Tag Archives: AOP

A line of OOP vs. line of thought

The programming paradigm of OOP has become intrinsicly popular in the recent decades of software development, and the most popular PL’s of our days have OOP libraries containing thousands of lines of code, and us developers seem to have grown pretty acustomed to the idea. The part where it all goes wrong though, is when we start believing that this object oriented model has something in common with the human line of thought.

Although it might at first seem logical that we have some aspects like a car, a car can have different properties like a color and a type, thereafter it can be driven, painted, tolled, and so on. Once we instanciate a given car(imagine it or see it), it somehow magically aquires this or that property. I hope you get the idea, and it does seem a bit elegant at first, but partially absurd at the second.
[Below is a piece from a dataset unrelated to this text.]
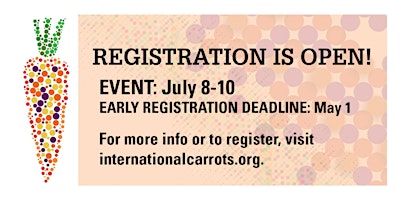 Imagem principal do evento 41st International Carrot Conference
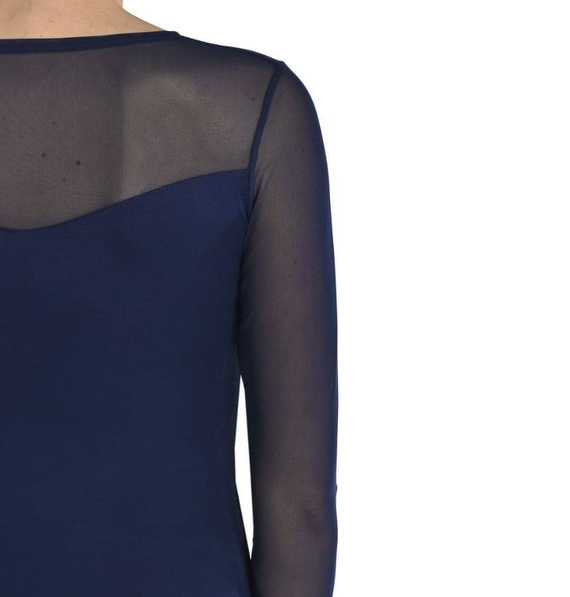 Body damskie z długim rękawem Willow Teyli - blue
Here are a few clear differences between OOP and thought:

 

  1. OOP is strictly structured, like a tree, everything inherits from a root. Well, what determines by which property determines the placement of a class in this tree? This is like sorting books in a library. There are about an ∞ number of ways to sort the books, but we most likely sort it by the alphabet, since it is the most widespread way of sorting. However our brain can sort books by name, author, genre, number of pages, amount of imagery, complexity of the language, countless ways of sorting. Which one we choose depends on the context of the sorting.
  2. The amount of properties and functions in a regular OOP class is static, although we can at any given time imagine what it would be like to throw a car, or eat steel. Objects don’t have static functions or properties, there are lists of functions and properties, which are somehow binded to an object, and allow us to imagine or see something unusual, which on a regular (OOP bases) wouldn’t be there.
  3. Then there is the element of reusage of code, or rather, reusage of function, which pretty much derrives from point 2. So if there are 2 objects performing a relatively same function, chance is that it is the same function(perhaps slightly altered), and not rewritten again, which you usually would result to in tree-structured OOP. You might say that all you have to do is derrive on object from the other, but what if the functionality is in a sister node, rather than a parent? Like so:

I want the same function in child12 and child 1a1, one thing could be to put into the root, but thats absurd, since I don’t want it everywhere else. I could create a base class for the two classes, but then how do I implement both Child1 and Child1a functionality, and seperate it at the same time? Well as I see, there is no way to do this?? Unless the function lies outside the tree structure, so then, what is the point of the tree as whole?